Idaho tribe,
BPA at odds over new Oregon chinook hatchery
THE ASSOCIATED PRESS
LEWISTON, Idaho -- The
Bonneville Power Administration says it won't spend $16.4 million to build a
fish hatchery in northeast Oregon unless it gets confirmation that, in light
of a recent court ruling, the hatchery will help threatened chinook salmon.
The Nez Perce Tribe,
which wants to start construction on the hatchery this winter, says the BPA
is holding the money hostage.
"From the tribe's
perspective, it appears BPA is holding Northeast Oregon Hatchery 'hostage'
in order to meet its own desire to receive some specific 'ESA credit' from
NOAA Fisheries," wrote tribal Chairwoman Rebecca Miles in a June 13
letter to BPA Administrator Steven Wright.
The National Oceanic and
Atmospheric Administration is the federal agency in charge of restoring
threatened and endangered salmon.
The proposed hatchery was
listed in biological opinions covering federal dams on the Snake and
Columbia rivers as one of the measures that would help chinook salmon
recover.
However, U.S. District
Judge James Redden in Portland recently ruled against management plans for
dams on the Snake and Columbia rivers, saying they would not prevent chinook
salmon from going extinct. A new biological opinion is being written by
federal agencies and plaintiffs in the lawsuit that led to Redden's
decision.
The BPA wants to make sure
the new hatchery will be considered a help to recovering salmon runs and not
be ruled as detrimental after it is built.
"We need to be
assured it is not going to be treated as a deterrent," Greg Delwiche,
BPA vice president of environment, fish and wildlife, told The Lewiston
Tribune.
"We have every hope
and intention to fund this hatchery," Scott Simms, a spokesman with
BPA, told The Associated Press on Tuesday. "I think we just want to
make sure we go through the appropriate process with NOAA Fisheries to do
this hatchery right."
The hatchery has been
planned for several decades, and last May the project was recommended to
receive money by the Northwest Power and Conservation Council.
By law, the BPA is
required to help mitigate effects dams have on wildlife. Those efforts
include measures to improve salmon passage through dams for both adult and
juvenile salmon, as well as building fish hatcheries to mitigate lost
spawning habitat.
The new hatchery would be
built on the Lostine River near the town of Lostine.

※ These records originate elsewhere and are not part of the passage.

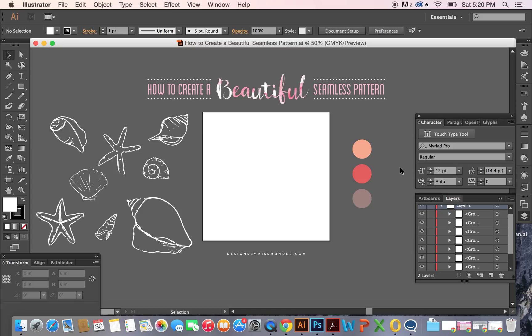Hi! This is Mandy from Designs by Miss Mandy, and today I'd like to share with you how we can create beautiful seamless patterns.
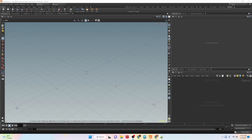Hey everybody, I'm Alejandro Perez, the CGI Nerd, and in this video we're going to be taking a look at using Python in Houdini. We are going to be using numbers — we're going to take a look at numbers, operators, and some useful built-in functions for numbers.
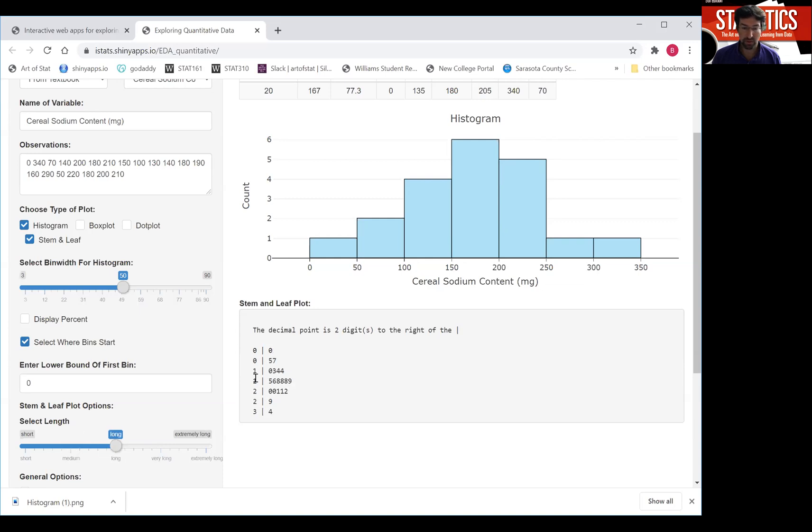Very quickly what the stem and leaf display shows, let's look at this one. So there's one cereal with zero sodium. There's one cereal with five milligrams. There's one with seven milligrams. There's a couple of cereals, one with 10, one with 13, one with 14. And the highest cereal has a sodium content of 34.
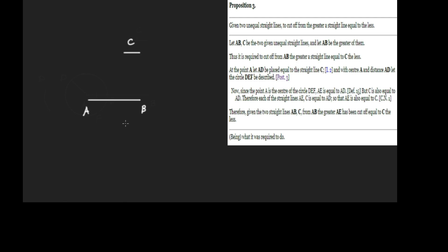How are we going to do this? Let's go into the construction phase. At the point A, let AD be placed equal to the straight line C. Why can we do that? Well, through the previous proposition we can construct upon any point a line equal to the given. So we have A going over to D.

It would be a
"supplementation hatchery," which uses wild salmon to produce
juvenile fish. The juvenile fish, called smolts, would be released to
migrate to the ocean. Most of the returning adults would be allowed to spawn
in the wild.
BPA officials say they
are concerned the hatchery will produce chinook that spawn with wild fish.

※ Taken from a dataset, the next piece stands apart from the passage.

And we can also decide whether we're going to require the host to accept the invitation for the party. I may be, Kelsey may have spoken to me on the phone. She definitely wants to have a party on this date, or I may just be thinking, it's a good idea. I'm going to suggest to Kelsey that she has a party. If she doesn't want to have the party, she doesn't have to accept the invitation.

Some biologists say mixing hatchery-raised salmon with wild salmon weakens
the genetic strength of the wild fish, making them more susceptible to
extinction.
The agency also is
concerned that the hatchery would lead to tribal anglers harvesting more
wild salmon and hinder recovery of the species.
The agency says those
factors combined could mean the hatchery might harm recovery of wild salmon
rather than help the species under the Endangered Species Act.